Exercise instructions: From the records below, print only the part that opens with the line containing "portada Teddy Roosevelt" and closes with the line containing "Binomial Theorem for"; omit the pictures.

Given records:

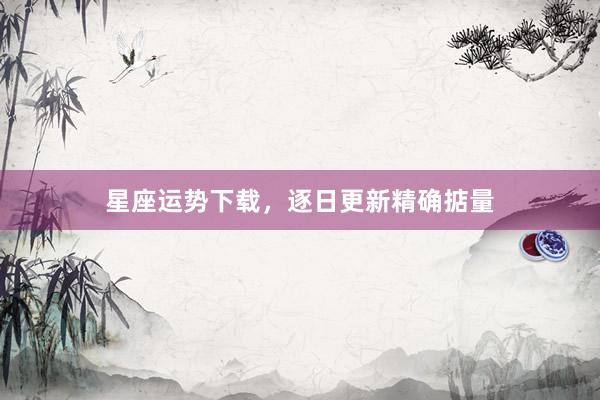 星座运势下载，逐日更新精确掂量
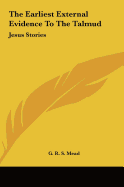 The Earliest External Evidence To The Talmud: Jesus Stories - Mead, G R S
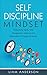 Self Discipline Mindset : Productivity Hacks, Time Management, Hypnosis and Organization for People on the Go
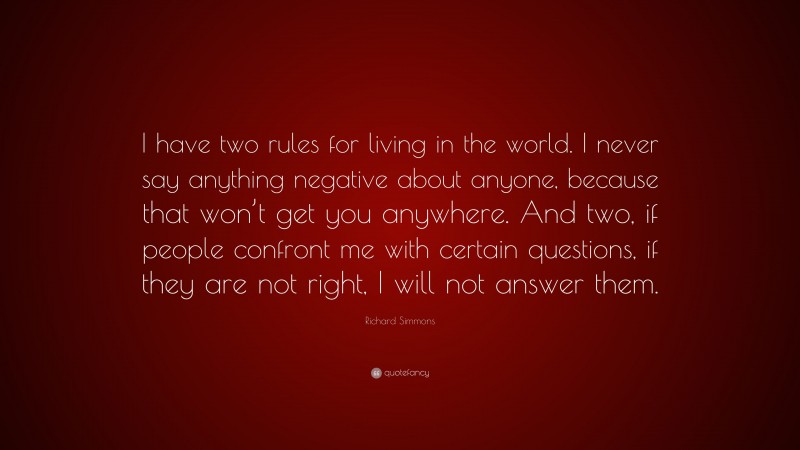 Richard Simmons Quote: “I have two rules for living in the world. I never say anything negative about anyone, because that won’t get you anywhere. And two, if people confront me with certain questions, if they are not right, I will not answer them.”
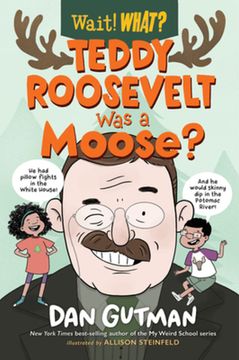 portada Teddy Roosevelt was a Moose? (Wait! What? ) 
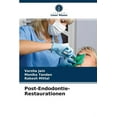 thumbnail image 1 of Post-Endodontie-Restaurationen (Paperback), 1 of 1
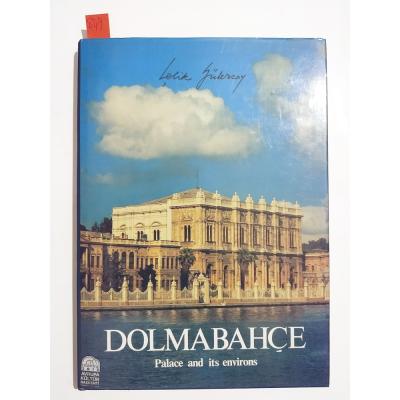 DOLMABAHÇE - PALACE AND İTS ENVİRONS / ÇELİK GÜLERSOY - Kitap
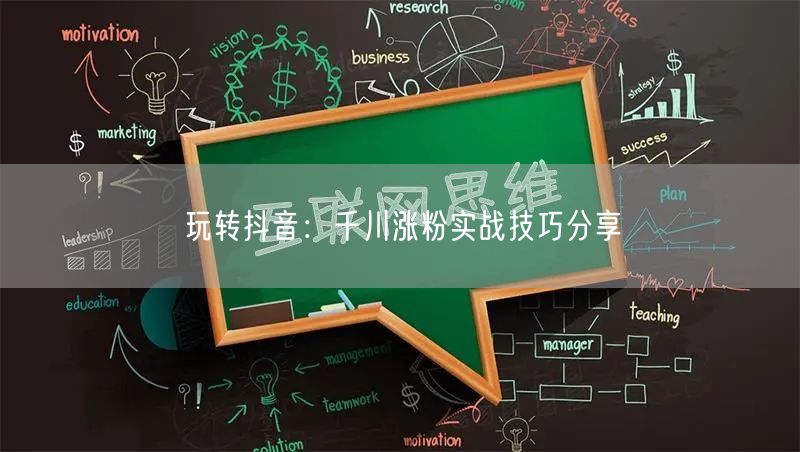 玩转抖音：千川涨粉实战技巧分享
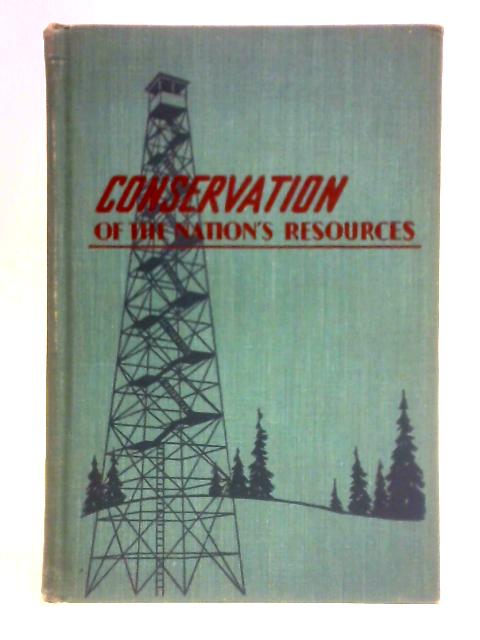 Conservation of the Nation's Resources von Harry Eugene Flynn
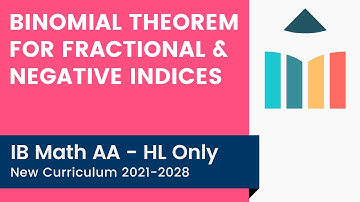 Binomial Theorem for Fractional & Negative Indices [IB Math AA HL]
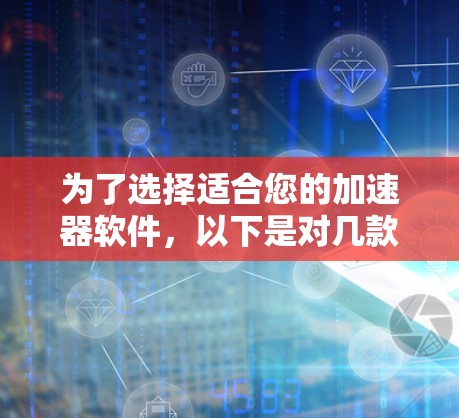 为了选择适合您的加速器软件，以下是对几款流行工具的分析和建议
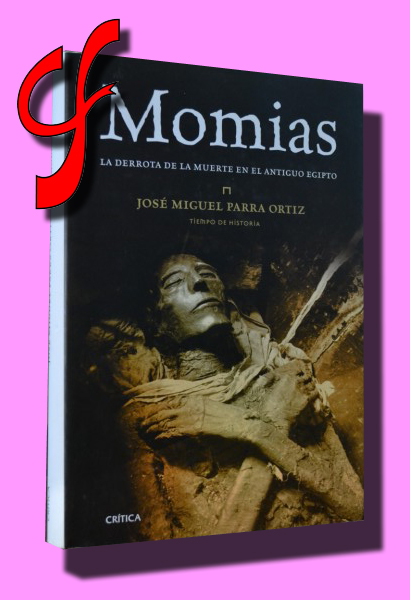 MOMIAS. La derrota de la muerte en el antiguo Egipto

---

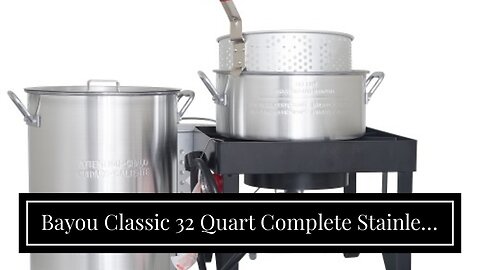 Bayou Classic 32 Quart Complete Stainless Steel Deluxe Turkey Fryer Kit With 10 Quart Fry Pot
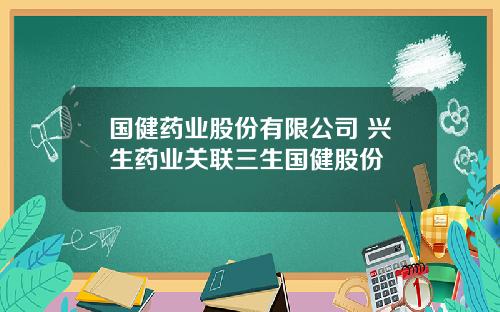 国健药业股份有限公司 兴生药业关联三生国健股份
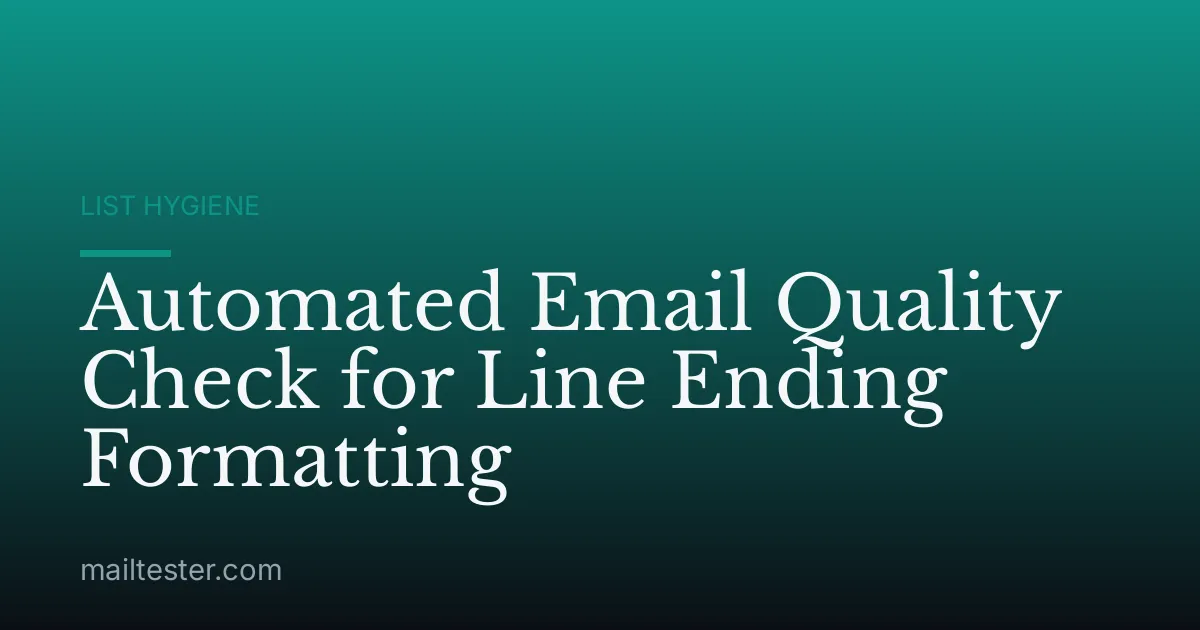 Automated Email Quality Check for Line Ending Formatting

...

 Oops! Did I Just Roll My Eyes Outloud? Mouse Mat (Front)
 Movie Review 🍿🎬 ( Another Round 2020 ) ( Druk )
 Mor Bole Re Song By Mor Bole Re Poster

Exercise response:
 portada Teddy Roosevelt was a Moose? (Wait! What? ) 
 thumbnail image 1 of Post-Endodontie-Restaurationen (Paperback), 1 of 1
 DOLMABAHÇE - PALACE AND İTS ENVİRONS / ÇELİK GÜLERSOY - Kitap
 玩转抖音：千川涨粉实战技巧分享
 Conservation of the Nation's Resources von Harry Eugene Flynn
 Binomial Theorem for Fractional & Negative Indices [IB Math AA HL]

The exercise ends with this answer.